The following step uses the path, copied and pasted from the previous step's output, to create an output data set that contains the names and values of all of the dynamic variables.

proc document name=MyDoc;
   ods output dynamics=dynamics;
   obdynam \GLM#1\ANOVA#1\Weight#1\ANCOVAPlot#1;
quit;

The following step uses CALL EXECUTE to generate a PROC SGRENDER step that recreates the graph. It uses the template name (as shown in the trace output) and the names and values of the dynamic variables.

data _null_;
   set dynamics(where=(label1 ne '___NOBS___')) end=eof;
   if _n_ = 1 then
      call execute('proc sgrender data=ap ' ||
                   'template=Stat.GLM.Graphics.ANCOVAPlot; dynamic');
   if cvalue1 ne ' ' then
      call execute(catx(' ', label1, '=',
                   ifc(n(nvalue1), cvalue1, quote(trim(cvalue1)))));
   if eof then call execute('; run;');
run;

Unfortunately, we are not quite there. The legend now contains the right information, but it contains one extra entry for what it thinks is a missing group. To fix that, we will need to modify the graph template. Begin by examining the source code for the template. The first and second SOURCE statements show that there are a series of lines. The third SOURCE statement displays the actual template.

proc template;
   source Stat.GLM.Graphics.ANCOVAPlot;
   source Common.Zreg.Graphics.ANCOVAPlot;
   source Common.Zreg.Graphics.SLICEFITPlot;
quit;

This step writes the template to a file.

proc template;
   source Common.Zreg.Graphics.SLICEFITPlot / file='tpl.tpl';
quit;

This step edits the template and submits it to SAS. It adds a PROC statement. While not necessary, it next changes the template name to the GLM template name. Finally, it adds the option INCLUDEMISSINGGROUP=FALSE to the SERIESPLOT statement. It took a bit of trial and error for me to figure out that that was what the template needed.

data _null_;
   infile 'tpl.tpl' end=eof;
   input;
   if _n_ = 1 then call execute('proc template;');
 
   _infile_ = tranwrd(_infile_, 'Common.Zreg.Graphics.SLICEFITPlot', 
                                'Stat.GLM.Graphics.ANCOVAPlot');
   _infile_ = tranwrd(_infile_, 'primary=true', 
                                'primary=true includemissinggroup=false');
   call execute(_infile_);
   if eof then call execute('run;');
run;

I had to look at the template to see that the series plot was the primary plot. There are many ways I could have added the INCLUDEMISSINGGROUP=FALSE option to the SERIESPLOT statement. I chose to add it after the PRIMARY=TRUE option.

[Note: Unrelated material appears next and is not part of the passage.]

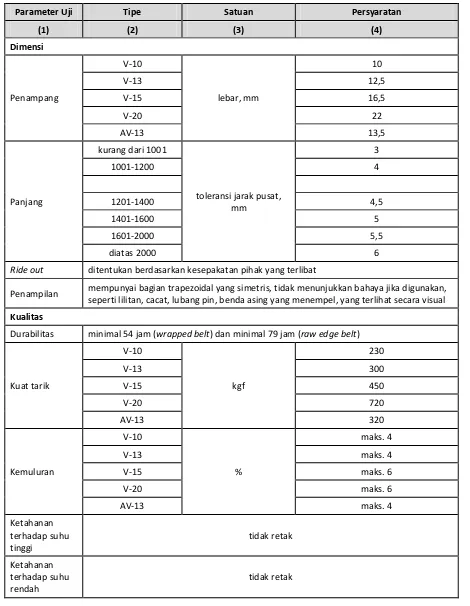 Tabel 2. Syarat mutu dalam JASO E 107:1988 Automotive V-belts and  Corresponding V-pulleys Grooves – Shape and Dimensions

The last step uses the modified template to create the graph.

data _null_;
   set dynamics(where=(label1 ne '___NOBS___')) end=eof;
   if _n_ = 1 then
      call execute('proc sgrender data=ap ' ||
                   'template=Stat.GLM.Graphics.ANCOVAPlot; dynamic');
   if cvalue1 ne ' ' then
      call execute(catx(' ', label1, '=',
                   ifc(n(nvalue1), cvalue1, quote(trim(cvalue1)))));
   if eof then call execute('; run;');
run;

You are no doubt wondering (as I did) why I needed to add INCLUDEMISSINGGROUP=FALSE to the template when it is used with PROC SGRENDER, but I did not need to add it when the graph is created with PROC GLM. The graph has two major components: a grouped scatter plot and a grouped series plot. There are 19 observations with nonmissing values that create the scatter plot. There are four observations with nonmissing values that create the series plot. There are two additional observations that are not plotted, but they ensure that the order of the CLASS values in the scatter plot match the order in the series plot. ODS Graphics in the context of PROC GLM has dynamic variables that contain the number of observations used. PROC SGRENDER does not have them. So PROC SGRENDER sees missing values in the series plot and adds them to the legend unless you specify INCLUDEMISSINGGROUP=FALSE.

There is one more difference. PROC SGRENDER prints a number of warnings; PROC GLM does not. When an analytical procedure runs, ODS Graphics assumes that it is using a general-purpose template that could be used for a variety of situations. Undefined dynamic variables and missing columns cause statements to silently drop out. In contrast, with PROC SGRENDER, ODS Graphics assumes that it is using an ad hoc user-written template, so all mismatches between what is specified and what is used are reported in the log.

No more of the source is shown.